Using python dictionary to find/replace strings is csv with multiple strings to replace per cell

Question

Please note this is a revised/refined copy of my original inquiry that I hope will provide greater clarity than my first attempt. I am newbie in the world of programming trying to create a script that basically does a series of specific find and replaces on a csv using another csv sheet as a corrections guide. (i.e chiken becomes chicken and bcon becomes Bacon)

so in simple cases:
chikn,1,a
bcon,2,b
egs,3,c

becomes
chickn,1,a
bacon,2,b
eggs,3,c

Thus far,using the code below I have built a dictionary based on an input csv and been able to transform most the corrections on the target (to edit) csv as intended in simple cases. The real challenge, however, is that the actual dataset will often have 1-3 entries per cell (with a common delimter of : beween them) and many of these will have spaces (that is, be phrases instead of single words). building on the prior example with a updated dictionary this would be:

The start of:
chk for sandwich:egs,1,a
bcon,2,b
Bcon:egs,3,c

Should end off as:
Chicken for sandwiches:eggs,1,a
Bacon,b,2
Bacon:eggs,3,c

Instead, my current output drops that latter portion and prints
Chicken for sandwiches,1,a
Bacon,b,2
Bacon,3,c

Code:

#!/usr/bin/env python
"""A script for finding and replacing values in CSV files.

"""

import csv
import sys


def main(args):
    """Execute the transformation script.

    Args:
        args (list of `str`): The command line arguments.

    """
    transform(args[1], args[2], create_reps(args[3]), int(args[4]))

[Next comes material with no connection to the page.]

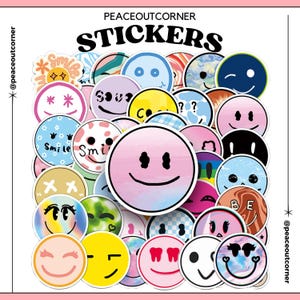 50 pegatinas de caras sonrientes de colores para niñas, niños, adolescentes y adultos (emoticonos). Pegatinas de vinilo con caras sonrientes de colores.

def transform(infile, outfile, reps, column):
    """Write a new CSV file with replaced text.

    Args:
        infile (str): the sheet of original text with errors
        outfile (str): the sheet with the revised text with corrections in place of errors
        reps (:obj: `str`): dictionary of error word and corrected word
        column (int): the column (0 based) the word revisions will take place in

    """
    with open(infile) as csvfile:
        with open(outfile, 'w') as w:
            spamreader = csv.reader(csvfile)
            spamwriter = csv.writer(w)
            for row in spamreader:
                row[column] = replace_all(row[column], reps)
                spamwriter.writerow(row)


def create_reps(infile):
    """Create reps object to use as reference dictionary for transform.

    Args:
        infile (str): The sheet of original and corrected words used to
        generate dicitonary

    Returns:
        (:obj: `str`): a dictionary listing the error words and their
        corrections

    """
    reps = {}
    with open(infile) as csvfile:
        dictreader = csv.reader(csvfile)
        for row in dictreader:
            reps[row[0]] = row[1]

    return reps


# def replace_all(text, reps):
    #"""Original Version: Iterate through `reps` and replace key => value in `text`.

    # Args:
      #text (str): The text to search and replace.
   # reps (:obj: `str`): Search for `key` and replace with `value`

   # Returns:
     # (str): The string with the replacements.

    """
    # last = text
    # for i, j in reps.items():
     #   text = text.replace(i, j)
      #  if last != text:
       #     return text

def new_replace_all(text, reps):
    """Updated Version: Do a single-pass replacement from a dictionary"""
    pattern = re.compile(r'\b(' + '|'.join(reps.keys()) + r')\b')
    return pattern.sub(lambda x: reps[x.group()], text)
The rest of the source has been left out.